I would say that get married is a passive construction. Confusion arises because "to marry" actually means two things: 1) The bride is marrying the groom (and vice-versa); 2) The priest or wedding officiant is marrying them both. This allows you to say "Kateřina is marrying František", and someone can ask "Who is going to marry them?", to which the reply might be "They're getting married by the local priest in the old village church". So as the priest is actively marrying Kateřina & František, they are being passively married by him/her. You could say "being married", but usage has established the get-passive form "getting married".
In the sentence "Kateřina is getting married to František", there is the invisible hand of the busy priest in there, tying them together, just as there would be in, say, "František is being chained to Kateřina" 💑⛓😏
While we're on churchy themes, I note that in older (Biblical) English there was the same reflexive dative construction as Czech. Where the fuller sentence would be "Kateřina si bere za muže Františka" (Kateřina nimmt "[sich]" František zum Mann), in Biblical English one finds: "He took unto himself a wife..."
Unfortunately, Czech possesses a confusing array of nuptial expressions also using the simple reflexive "se" form. You have Kateřina se vdává, but František se žení, and even with the verb brát if you talk about them mutually then "Kateřina a František se berou".
A real passive construction in Czech using the verb "to marry" (i.e. what the priest does) comes from oddat/oddávat, and now the bride & groom can go into a proper passive role as "Kateřina a František budou oddáni" = "will be married."
So in conclusion I think we can return to On-Topic and safely say that marriage is one of the more difficult things about Czech 😀
to circle way back where this detour started, i do not see how the apparently passive form of František is getting married to Kateřina. (perhaps due to the invisible hand of the priest or court tying the knot) could make him so much more passive in that process than his bride so as to justify it as a translation of Kateřina si bere Františka.
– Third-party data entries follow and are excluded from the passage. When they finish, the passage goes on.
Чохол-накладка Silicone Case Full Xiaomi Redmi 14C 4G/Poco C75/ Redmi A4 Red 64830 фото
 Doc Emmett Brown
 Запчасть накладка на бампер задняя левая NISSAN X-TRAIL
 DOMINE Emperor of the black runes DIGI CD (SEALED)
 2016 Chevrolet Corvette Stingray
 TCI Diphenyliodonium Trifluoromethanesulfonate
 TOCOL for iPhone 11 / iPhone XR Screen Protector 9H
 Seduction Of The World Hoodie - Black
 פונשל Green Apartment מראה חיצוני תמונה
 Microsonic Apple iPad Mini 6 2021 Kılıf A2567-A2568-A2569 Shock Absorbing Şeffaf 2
in the alternative, we would enter the slope towards translating Kateřina wants to get married to František. as František si chce vzít Kateřinu.
despite the superficially passive appearance of "get married", i would see "get married to someone" as mostly a less common alternative to "marry someone". for our part, we can purge the "get married" from the main english translations and from the hints where simple "marry" suffices in hopes that only showing the active verb makes the switch temptations go away.
Oh goodness, I wasn't really commenting on that, rather on your ensuing chat with Detlef.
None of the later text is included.